Efficient language detector (Nito-ELD or ELD) is a fast and accurate natural language detection software, written 100% in PHP, with a speed comparable to fast C++ compiled detectors, and accuracy rivaling the best detectors to date.

It has no dependencies, easy installation, all it's needed is PHP with the mb extension.
ELD scales perfectly with database size.
ELD is also available (outdated versions) in Javascript and Python.

Changes from ELD v2 to v3:

detect()->language now returns string 'und' for undetermined instead of NULL

Databases are not compatible, and bigger, medium v2 ≈ small v3

dynamicLangSubset() function is removed

Function cleanText() is now named enableTextCleanup()

Installation

$ composer require nitotm/efficient-language-detector

--prefer-dist will omit tests/, misc/ & benchmark/, or use --prefer-source to include everything
Install nitotm/efficient-language-detector:dev-main to try the last unstable changes
Alternatively, download / clone the files can work just fine.
(Only small DB install under construction)

Configuration

ELD has database execution Modes: array, string, bytes, disk
ELD database Sizes: small, medium, large, extralarge
Modes string, bytes, disk only ship with database sizes: small & extralarge, but others can be built with BlobDataBuilder()

Low memory Modes
For Modes string, bytes and disk, all size databases can run under 128MB
disk mode with extralarge size, can run with 8MB setting memory_limit=8M, as it only uses 0.5MB

Fastest Mode: Array
For array Mode it is recommended to use OPcache, specially for the larger databases to reduce load times
We need to set opcache.interned_strings_buffer, opcache.memory_consumption high enough for each database
Recommended value in parentheses. Check Databases for more info.

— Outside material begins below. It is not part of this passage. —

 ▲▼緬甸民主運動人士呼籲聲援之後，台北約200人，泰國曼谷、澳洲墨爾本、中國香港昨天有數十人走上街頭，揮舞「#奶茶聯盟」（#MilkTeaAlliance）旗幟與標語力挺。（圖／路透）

Setting for `'array'` mode	Small	Medium	Large	Extralarge
`memory_limit`	>= 128	>= 340	>= 1060	>= 2200
`opcache.interned...`	>= 8 (16)	>= 16 (32)	>= 60 (70)	>= 116 (128)
`opcache.memory`	>= 64 (128)	>= 128 (230)	>= 360 (450)	>= 750 (820)

How to use?

detect() expects a UTF-8 string and returns an object with a language property, containing an ISO 639-1 code (or other selected scheme), or 'und' for undetermined language.

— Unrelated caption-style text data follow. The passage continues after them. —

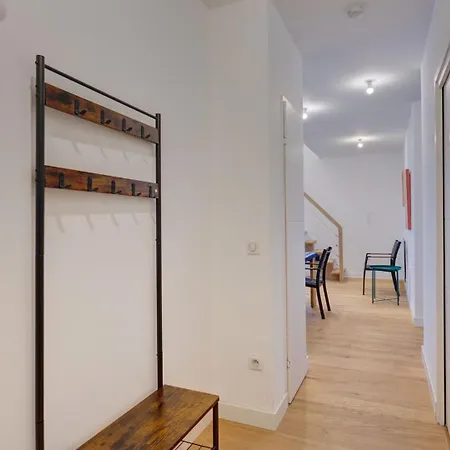 Apartment Guestready - 2 Bedroom With Terrace Near Bordeaux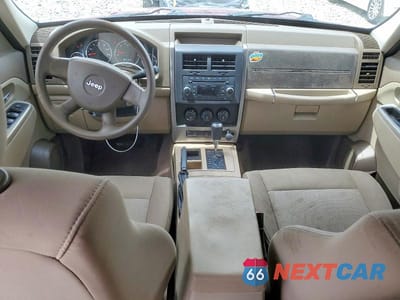 Zdjęcie 8 z 14 samochodu: 2009 JEEP LIBERTY SPORT VIN:1J8GP28K79W549094 - miniatura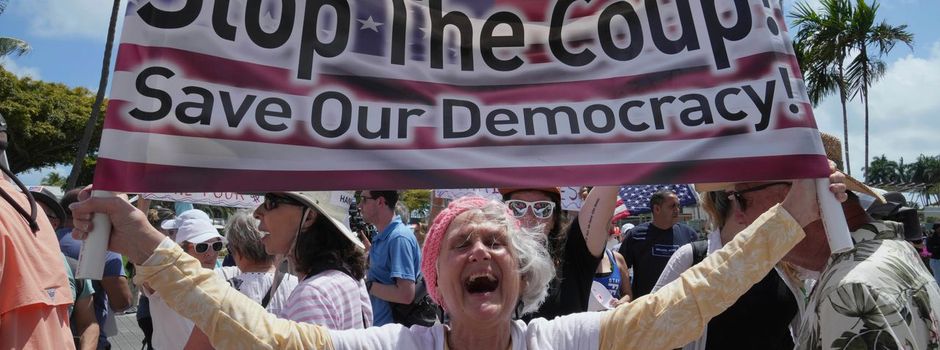 Amerikaner protestieren gegen Trump - Musk für Freihandel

// require_once 'manual_loader.php'; To load ELD without autoloader. Update path.
use Nitotm\Eld\{LanguageDetector, EldDataFile, EldScheme, EldMode};

// LanguageDetector(databaseFile: ?string, outputFormat: ?string, mode: string)
$eld = new LanguageDetector(EldDataFile::SMALL, EldScheme::ISO639_1, EldMode::MODE_ARRAY);
// Database files: 'small', 'medium', 'large', 'extralarge'. Check memory requirements
// Database modes: 'array', 'string', 'bytes', 'disk'.
// Schemes: 'ISO639_1', 'ISO639_2T', 'ISO639_1_BCP47', 'ISO639_2T_BCP47' and 'FULL_TEXT'
// Modes 'string', 'bytes' & 'disk' only ship with DB sizes 'small' & 'extralarge'
// Constants are not mandatory, LanguageDetector('small'); will also work

$eld->detect('Hola, cómo te llamas?');
// object( language => string, scores() => array<string, float>, isReliable() => bool )
// ( language => 'es', scores() => ['es' => 0.25, 'nl' => 0.05], isReliable() => true )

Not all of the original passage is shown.